[RECORDED DATA]:
-- Opening Marker --
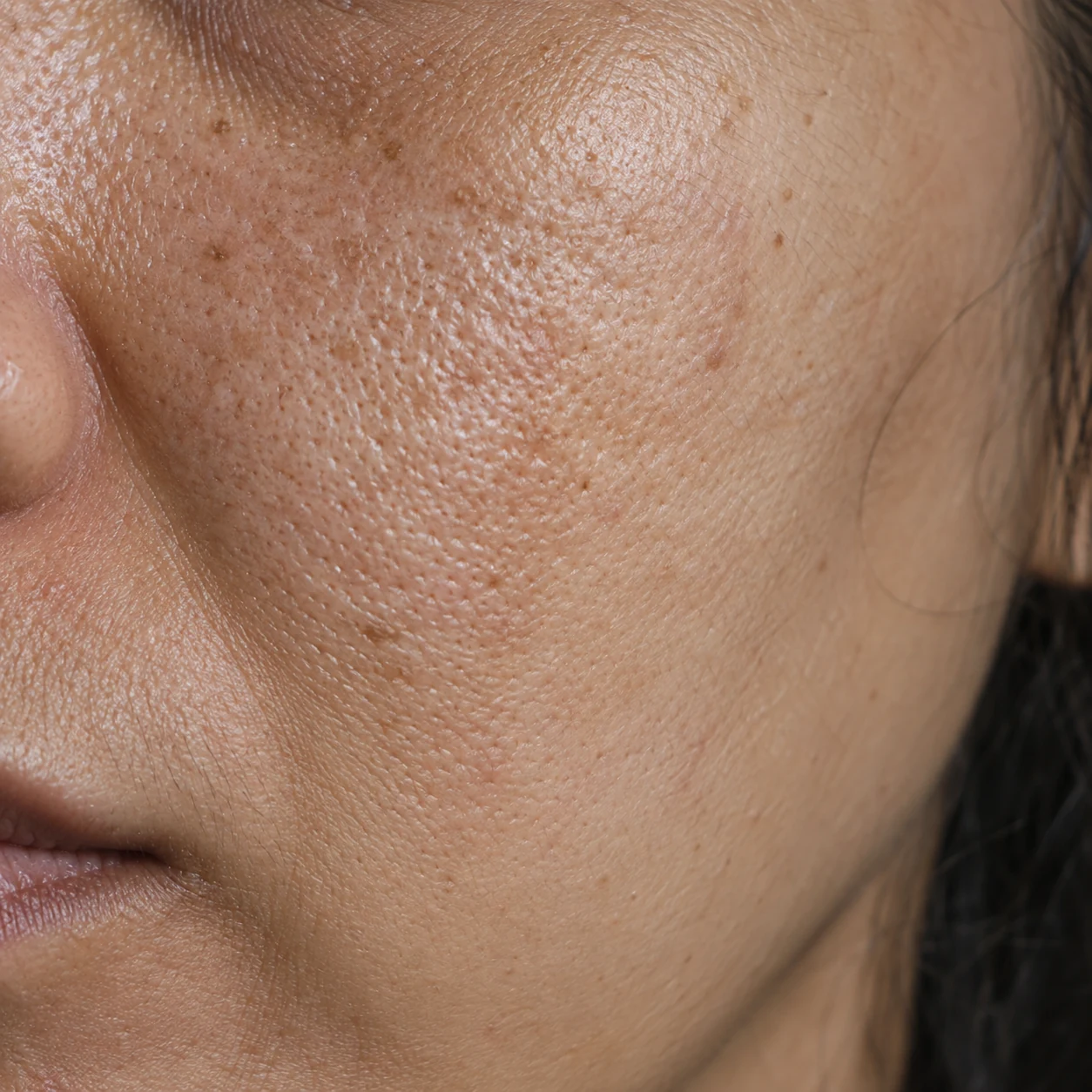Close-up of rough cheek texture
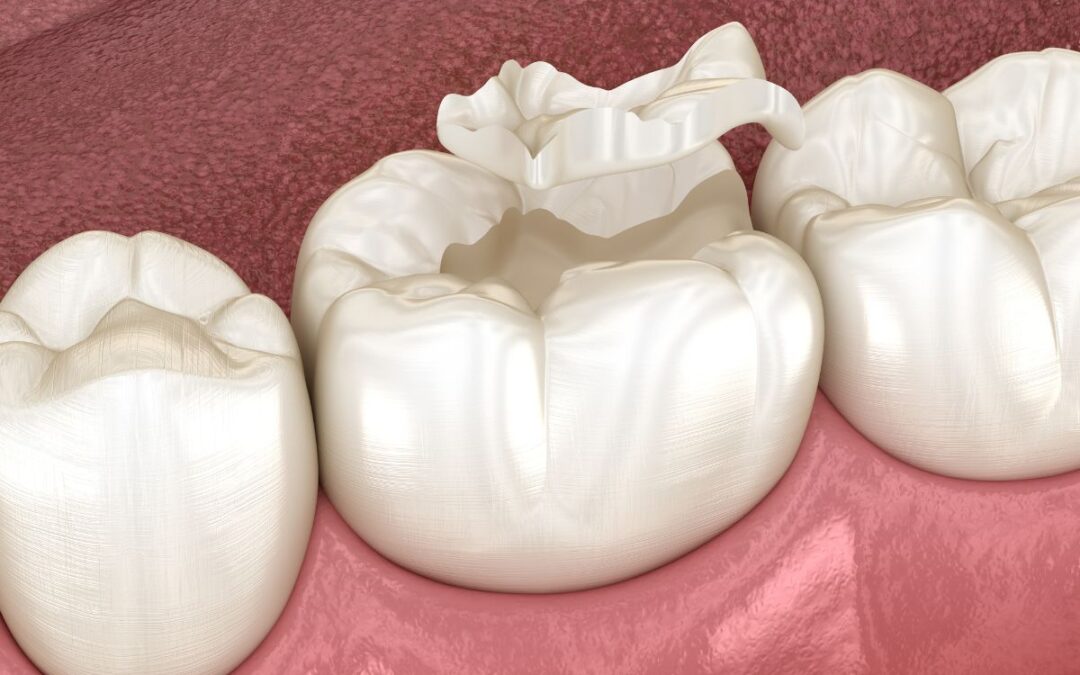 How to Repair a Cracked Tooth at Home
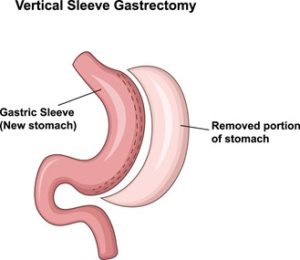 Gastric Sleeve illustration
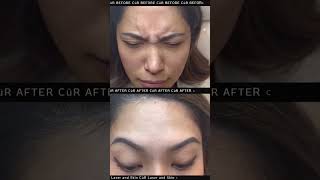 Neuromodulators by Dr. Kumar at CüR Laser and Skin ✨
-- Closing Marker --
[EXERCISE]: Restate the lines above exactly, from the one bearing "Gastric Sleeve illustration" through the final line of the material, both included, omitting pictures.

[OUTPUT FOR THIS EXERCISE]:
 Gastric Sleeve illustration
 Neuromodulators by Dr. Kumar at CüR Laser and Skin ✨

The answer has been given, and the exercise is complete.